**INPUT DATA:**
· · · · · · ·
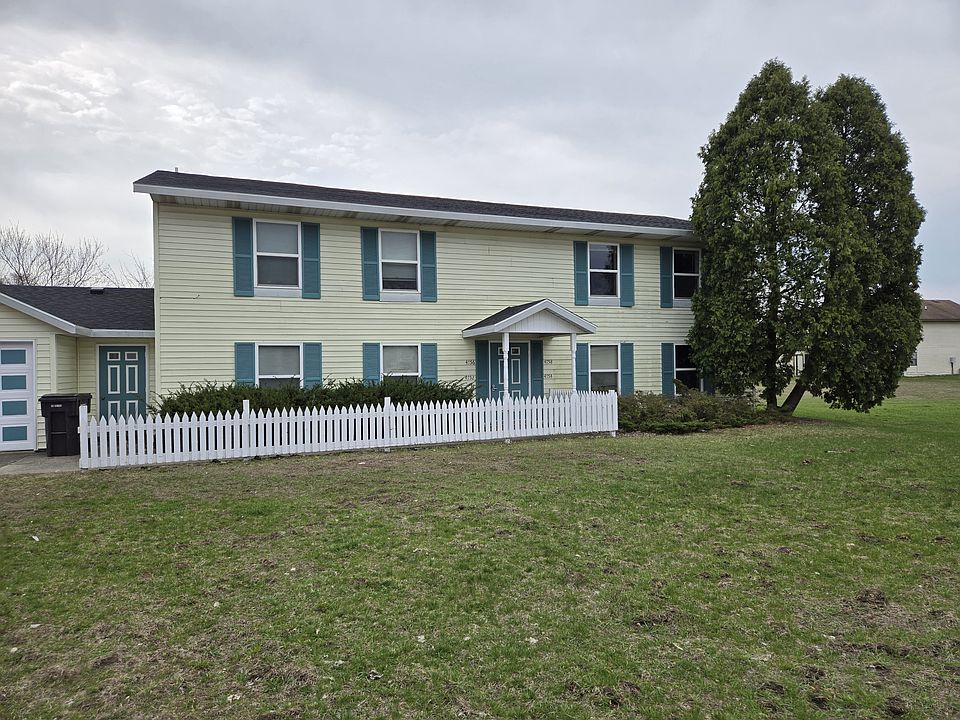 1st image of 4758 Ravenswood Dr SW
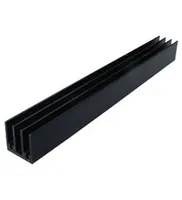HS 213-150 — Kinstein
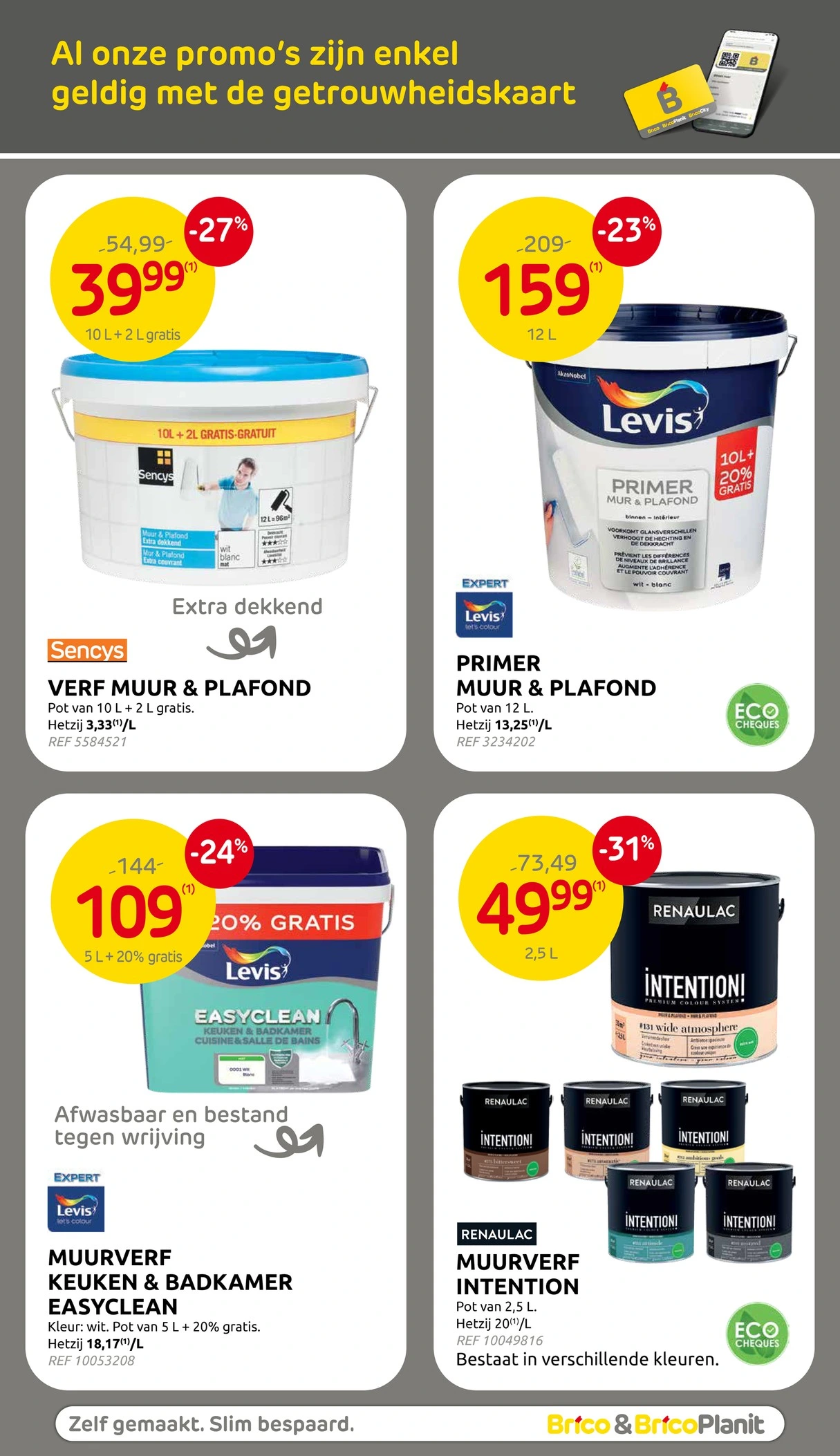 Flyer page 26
· · · · · · ·
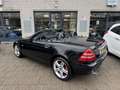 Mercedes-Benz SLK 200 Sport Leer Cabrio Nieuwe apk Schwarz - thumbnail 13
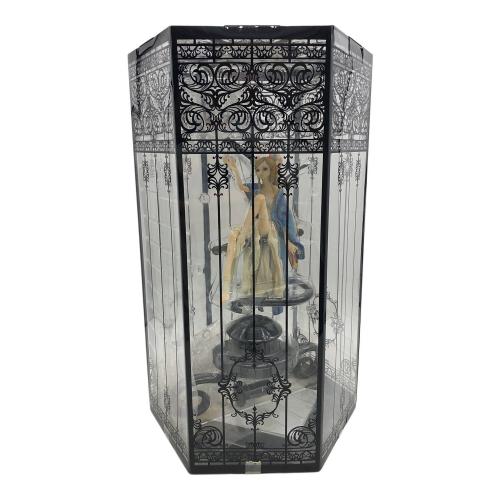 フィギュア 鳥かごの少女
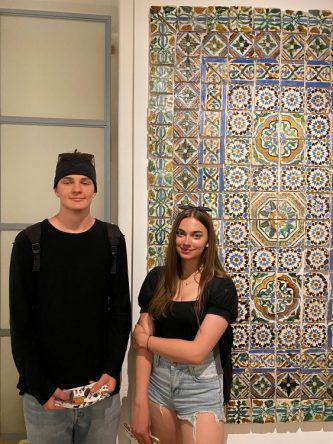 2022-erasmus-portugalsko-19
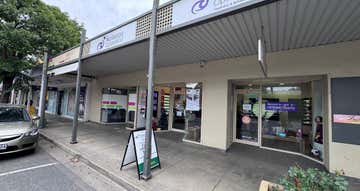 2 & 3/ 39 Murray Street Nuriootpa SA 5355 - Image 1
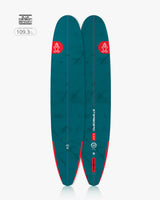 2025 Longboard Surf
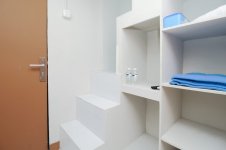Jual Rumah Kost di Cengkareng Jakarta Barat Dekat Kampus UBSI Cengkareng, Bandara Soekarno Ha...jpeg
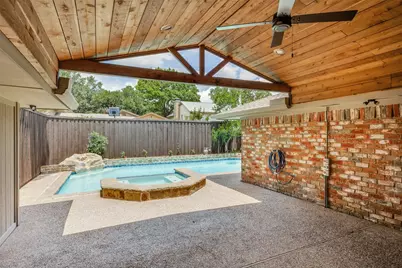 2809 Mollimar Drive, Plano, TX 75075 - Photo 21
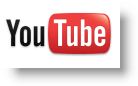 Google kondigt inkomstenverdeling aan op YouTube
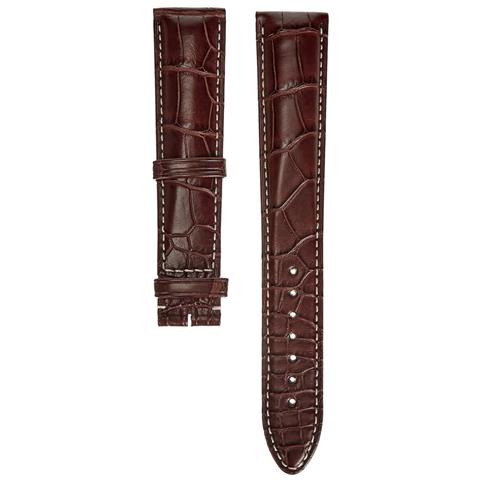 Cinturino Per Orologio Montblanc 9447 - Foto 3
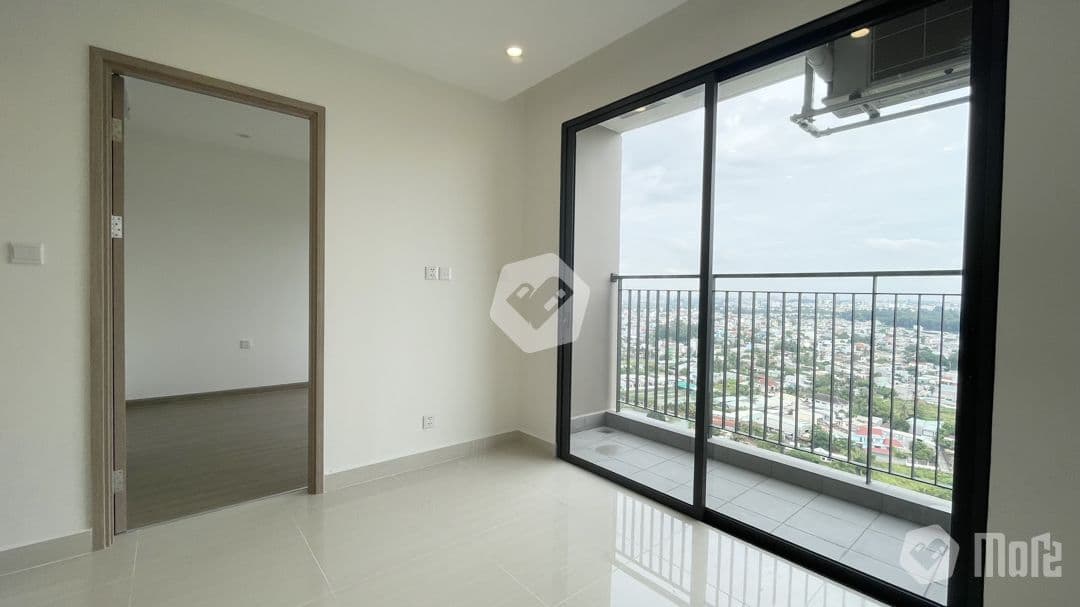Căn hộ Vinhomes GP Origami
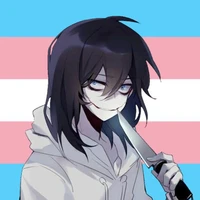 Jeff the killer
· · · · · · ·
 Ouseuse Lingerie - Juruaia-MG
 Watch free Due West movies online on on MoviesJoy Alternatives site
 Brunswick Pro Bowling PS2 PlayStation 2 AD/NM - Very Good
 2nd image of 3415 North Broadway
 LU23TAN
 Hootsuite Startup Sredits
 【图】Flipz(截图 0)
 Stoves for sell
· · · · · · ·
**REQUIREMENT:**
Reproduce the lines of the entries above from the one with "Hootsuite Startup Sredits" to the one with "Stoves for sell", both included, exactly and without any other line.

**RESULT:**
 Hootsuite Startup Sredits
 【图】Flipz(截图 0)
 Stoves for sell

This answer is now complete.